When I was a seventh-grader I played in my town’s annual March-of-Dimes charity basketball game between a parochial middle school and a public middle school: all kids 14 or younger. The opposing team had a budding superstar and my assignment was to stick with and blanket him, from start to finish, on both ends of the court. I rarely touched the ball and took only one shot the whole game.

It was in the fourth quarter. I received a pass, dribbled around, stopped and found myself more than 30 feet from the basket. Because I had stopped dribbling, my defender backed off, leaving me alone out in the weeds. Unable to get the ball to a teammate, I eyed the basket. Time stopped as players on the court, and everyone else in the full auditorium, waited to see if I would take the shot. After what must have seemed like an unrelentingly long time, I rifled from the hip and let fly a grand rainbow — a high-arcing, “dreaming” kind of shot.
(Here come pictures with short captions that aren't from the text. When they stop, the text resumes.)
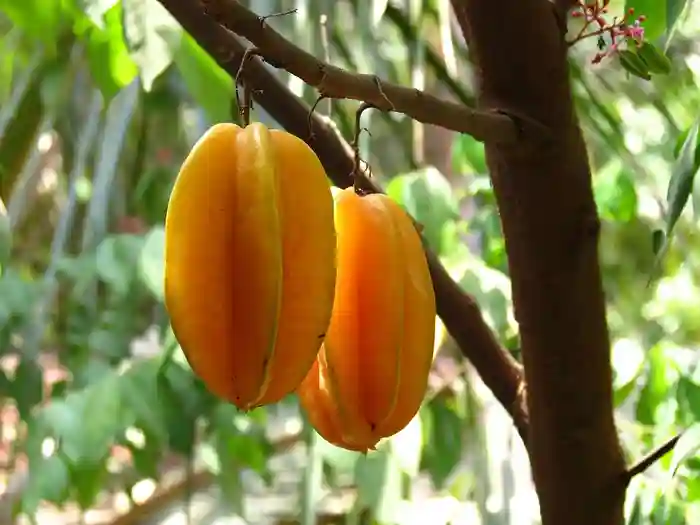 Balimbing Fruit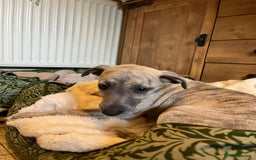 Mixed Breed dogs for sale:  🐶✨ ADORABLE WIGGY PUPPIES – licenced  breeder  - Image 13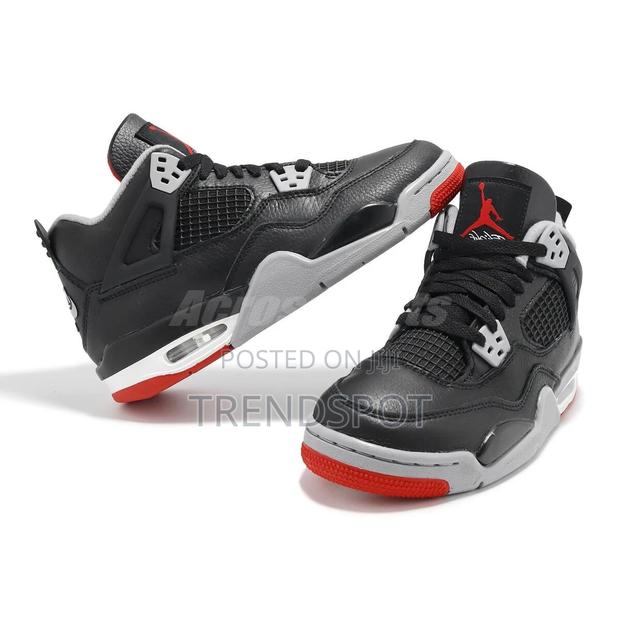 Jordan 4 Shoes for Looks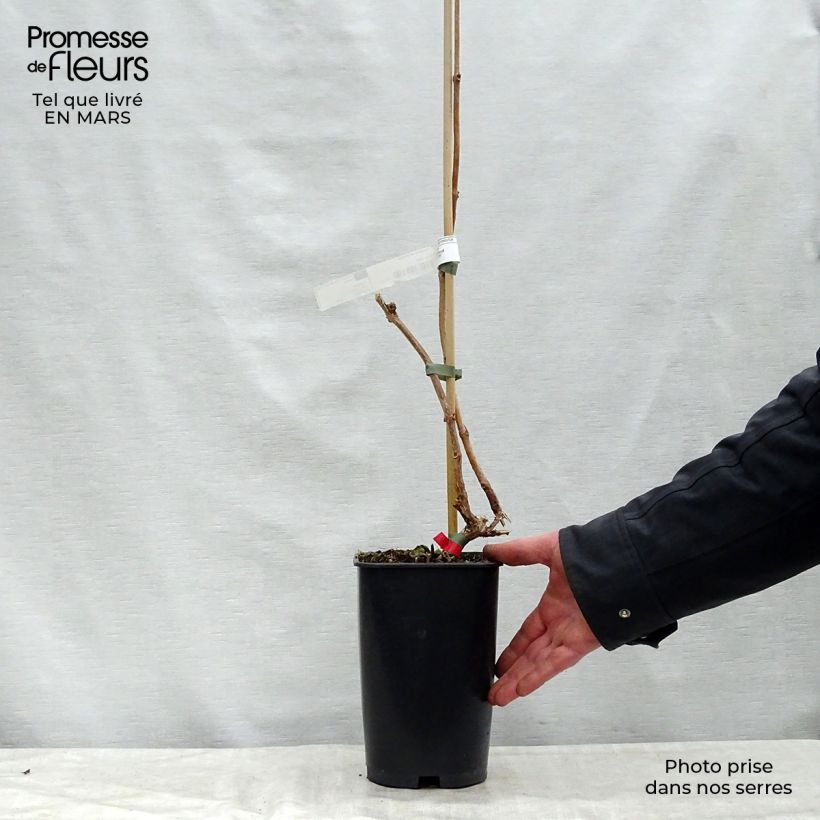 Campsis radicans Stromboli - Trumpet Vine 2L/3L pot sample as delivered in spring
Like rainbows, lives have arcs to them. As babies we’re totally dependent and then gradually grow to reach our physical peak before inexorably starting down the other side. Our endeavors have their own arcs: some shorter, some longer. In the charity basketball game of fifty years ago, with fellow students, teachers and hundreds of townspeople looking on, I aimed for my pot of gold at the rainbow’s end. It was a wild, stupid risk. But I did it anyway.

Not knowing our own innate beauty, not heeding the quiet whisper of the heart, too often we play to the audience, or follow its script. And how do our audiences repay us? By judging, rating and climbing over us. That’s life, we’re told. Get with the program: be a fighter. Quit your bellyaching. They don’t tell us that we have a choice. I can play to the crowd, or I can dance the jig of life with an internal presence — the immortal, blissful divine.

The grand rainbow came down, hit the rim, bounced up and away.

So what? As I've said, the line is marching on: we come down, hit life’s stage, rise up, do our thing and away! Perspective is everything.

Illustration by Sara Shaffer.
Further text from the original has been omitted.